Below podcast on this paper is generated with Google's Illuminate.
https://arxiv.org/abs/2502.06155
The creation of high-quality videos using Diffusion Transformer (DiT) models is slow due to complex computations and many sampling steps. This paper addresses the slow video generation in 3D DiTs. It introduces methods to make video generation faster without significantly sacrificing video quality.
This paper proposes Efficient Video Diffusion Transformer (EFFICIENT-VDIT). EFFICIENT-VDIT uses sparse attention and reduces sampling steps. This makes video generation faster.
-----
📌 Exploits inherent video data redundancy via "Attention Tile" discovery. This allows for targeted sparse attention, reducing compute without significant quality loss. Achieves up to 7.8x speedup.
📌 Employs a refined three-stage training: Multi-Step Consistency Distillation, layer-wise sparsity search, and knowledge distillation. This pipeline efficiently transforms a pre-trained 3D Diffusion Transformer into a fast, performant model.
📌 EFFICIENT-VDIT is immediately deployable. It offers substantial inference acceleration, up to 7.8x faster, while preserving video quality. It also integrates well with distributed inference systems for further speedup.
----------
Methods Explored in this Paper 🔧:
→ This paper introduces "Attention Tile," a repetitive pattern in 3D DiT attention maps. Attention Tile shows that not every part of a video frame needs to attend to all other parts during processing.

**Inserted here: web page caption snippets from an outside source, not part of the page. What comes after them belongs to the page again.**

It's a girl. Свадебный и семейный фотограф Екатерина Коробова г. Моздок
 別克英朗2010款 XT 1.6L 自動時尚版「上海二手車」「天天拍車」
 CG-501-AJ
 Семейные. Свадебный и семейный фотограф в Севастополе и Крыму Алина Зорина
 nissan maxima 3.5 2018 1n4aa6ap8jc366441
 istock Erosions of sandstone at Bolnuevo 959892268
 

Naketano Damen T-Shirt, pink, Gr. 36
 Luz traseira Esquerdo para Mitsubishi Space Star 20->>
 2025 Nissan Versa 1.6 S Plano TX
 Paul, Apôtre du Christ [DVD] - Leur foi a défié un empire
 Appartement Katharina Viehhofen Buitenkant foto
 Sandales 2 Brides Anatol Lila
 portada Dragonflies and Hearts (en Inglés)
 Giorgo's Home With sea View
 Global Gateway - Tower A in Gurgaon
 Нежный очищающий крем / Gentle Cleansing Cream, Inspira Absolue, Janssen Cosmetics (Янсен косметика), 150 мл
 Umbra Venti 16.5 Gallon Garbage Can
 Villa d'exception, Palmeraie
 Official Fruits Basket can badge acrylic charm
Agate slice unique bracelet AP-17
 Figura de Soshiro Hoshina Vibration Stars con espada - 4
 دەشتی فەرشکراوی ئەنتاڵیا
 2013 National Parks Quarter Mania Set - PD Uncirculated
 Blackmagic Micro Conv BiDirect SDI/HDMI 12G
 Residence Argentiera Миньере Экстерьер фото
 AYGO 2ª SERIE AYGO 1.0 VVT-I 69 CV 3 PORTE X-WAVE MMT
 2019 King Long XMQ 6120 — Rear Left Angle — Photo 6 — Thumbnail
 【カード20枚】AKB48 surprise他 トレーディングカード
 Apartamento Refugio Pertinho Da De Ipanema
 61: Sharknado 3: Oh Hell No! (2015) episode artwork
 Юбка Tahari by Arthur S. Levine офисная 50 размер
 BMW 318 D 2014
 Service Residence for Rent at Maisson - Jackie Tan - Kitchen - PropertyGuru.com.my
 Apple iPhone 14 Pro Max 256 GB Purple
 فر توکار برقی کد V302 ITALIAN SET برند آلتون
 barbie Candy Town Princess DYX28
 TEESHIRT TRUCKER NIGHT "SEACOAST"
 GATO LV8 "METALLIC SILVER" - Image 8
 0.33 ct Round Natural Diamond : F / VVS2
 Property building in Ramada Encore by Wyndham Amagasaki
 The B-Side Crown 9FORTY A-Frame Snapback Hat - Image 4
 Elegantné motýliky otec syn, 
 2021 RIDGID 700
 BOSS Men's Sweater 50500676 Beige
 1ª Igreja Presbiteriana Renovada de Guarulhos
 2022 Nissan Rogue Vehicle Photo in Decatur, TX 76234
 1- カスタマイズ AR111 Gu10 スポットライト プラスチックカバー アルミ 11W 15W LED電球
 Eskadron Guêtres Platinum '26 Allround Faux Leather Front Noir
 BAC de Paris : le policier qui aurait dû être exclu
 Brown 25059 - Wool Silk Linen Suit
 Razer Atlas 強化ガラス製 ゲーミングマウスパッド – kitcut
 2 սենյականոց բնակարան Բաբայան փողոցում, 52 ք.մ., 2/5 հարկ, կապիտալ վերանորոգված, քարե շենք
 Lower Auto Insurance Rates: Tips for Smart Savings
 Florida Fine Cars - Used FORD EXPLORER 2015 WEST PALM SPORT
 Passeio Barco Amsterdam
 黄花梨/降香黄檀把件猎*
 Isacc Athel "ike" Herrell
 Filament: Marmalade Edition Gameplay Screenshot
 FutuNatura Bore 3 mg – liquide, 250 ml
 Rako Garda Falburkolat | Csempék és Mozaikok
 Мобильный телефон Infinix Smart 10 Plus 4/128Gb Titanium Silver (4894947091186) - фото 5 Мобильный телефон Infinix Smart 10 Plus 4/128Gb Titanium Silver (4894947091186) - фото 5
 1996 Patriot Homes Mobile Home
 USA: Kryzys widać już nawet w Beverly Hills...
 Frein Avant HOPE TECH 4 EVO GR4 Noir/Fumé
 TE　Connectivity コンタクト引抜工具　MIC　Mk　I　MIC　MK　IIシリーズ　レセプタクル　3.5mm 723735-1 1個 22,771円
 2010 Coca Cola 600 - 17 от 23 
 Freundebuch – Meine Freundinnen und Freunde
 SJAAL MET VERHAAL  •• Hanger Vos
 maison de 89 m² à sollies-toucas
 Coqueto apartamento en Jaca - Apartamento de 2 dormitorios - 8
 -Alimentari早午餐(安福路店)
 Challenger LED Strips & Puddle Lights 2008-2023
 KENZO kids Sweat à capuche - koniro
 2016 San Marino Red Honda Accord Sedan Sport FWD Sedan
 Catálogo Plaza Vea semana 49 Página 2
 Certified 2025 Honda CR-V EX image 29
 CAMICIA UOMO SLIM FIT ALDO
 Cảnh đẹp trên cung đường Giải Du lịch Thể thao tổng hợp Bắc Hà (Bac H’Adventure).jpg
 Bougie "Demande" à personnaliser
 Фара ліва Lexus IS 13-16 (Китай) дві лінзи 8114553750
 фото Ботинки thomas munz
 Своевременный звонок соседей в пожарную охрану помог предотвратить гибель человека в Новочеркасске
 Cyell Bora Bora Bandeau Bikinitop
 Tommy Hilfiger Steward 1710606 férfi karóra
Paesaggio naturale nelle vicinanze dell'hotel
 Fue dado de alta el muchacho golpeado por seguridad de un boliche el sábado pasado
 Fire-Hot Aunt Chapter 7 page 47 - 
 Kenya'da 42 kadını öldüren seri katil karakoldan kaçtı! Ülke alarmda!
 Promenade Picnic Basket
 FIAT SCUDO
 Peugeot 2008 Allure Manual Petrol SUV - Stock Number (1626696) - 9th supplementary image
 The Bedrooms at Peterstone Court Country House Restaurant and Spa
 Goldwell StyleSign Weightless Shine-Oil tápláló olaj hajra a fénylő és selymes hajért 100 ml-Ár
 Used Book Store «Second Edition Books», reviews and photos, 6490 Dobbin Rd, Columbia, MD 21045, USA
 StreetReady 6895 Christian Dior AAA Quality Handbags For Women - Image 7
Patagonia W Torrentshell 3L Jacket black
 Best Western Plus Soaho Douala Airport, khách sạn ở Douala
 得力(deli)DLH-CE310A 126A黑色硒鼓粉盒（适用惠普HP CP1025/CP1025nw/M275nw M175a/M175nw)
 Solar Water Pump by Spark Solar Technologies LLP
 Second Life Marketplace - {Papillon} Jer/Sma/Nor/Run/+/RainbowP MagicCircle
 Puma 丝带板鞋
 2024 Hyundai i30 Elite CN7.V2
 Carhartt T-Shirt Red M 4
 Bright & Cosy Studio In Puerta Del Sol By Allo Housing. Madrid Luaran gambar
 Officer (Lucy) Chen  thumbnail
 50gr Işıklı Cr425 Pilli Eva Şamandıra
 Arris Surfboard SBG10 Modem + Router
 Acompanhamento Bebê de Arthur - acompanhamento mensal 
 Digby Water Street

→ Based on Attention Tile, the paper proposes sparse 3D attention. Sparse attention reduces computational complexity from quadratic to linear with respect to the number of video frames. Each frame attends to only a limited set of other frames.
→ Multi-step Consistency Distillation (MCD) is used to shorten the sampling process. MCD divides the video generation steps into segments. Consistency distillation is applied within each segment to enable faster generation.
→ EFFICIENT-VDIT combines sparse attention and MCD in a three-stage training process. The stages are Multi-Step Consistency Distillation, Layer-wise Sparsity Search, and Knowledge Distillation. This pipeline refines a pre-trained 3D DiT model to be efficient without losing much quality.
-----
Key Insights 💡:
→ Attention maps in 3D DiTs exhibit a repetitive "Attention Tile" structure. This redundancy can be exploited for efficiency.
→ Attention scores on the diagonal tiles of the attention map are significantly higher than off-diagonal tiles. This suggests focusing computation on diagonal tiles.
→ The "Attention Tile" pattern is consistent across different video inputs. This allows using a fixed sparse attention mask for various videos.
→ Different layers in the DiT model can tolerate different levels of sparsity. Layer-wise sparsity search optimizes performance by adapting sparsity per layer.
-----
Results 📊:
→ Achieves 7.4× to 7.8× speedup in generating 29 and 93 frame 720p videos. This is with a marginal performance trade-off on the VBench benchmark.
→ Reduces computation time using sparse attention kernels. For example, a 2:6 attention mask achieves a 1.86× speedup.
→ Maintains video quality on VBench, with scores within 1% of the original model, even at higher speedup ratios.
→ Demonstrates up to 3.91× additional speedup with distributed inference on 4 GPUs using sequence parallelism.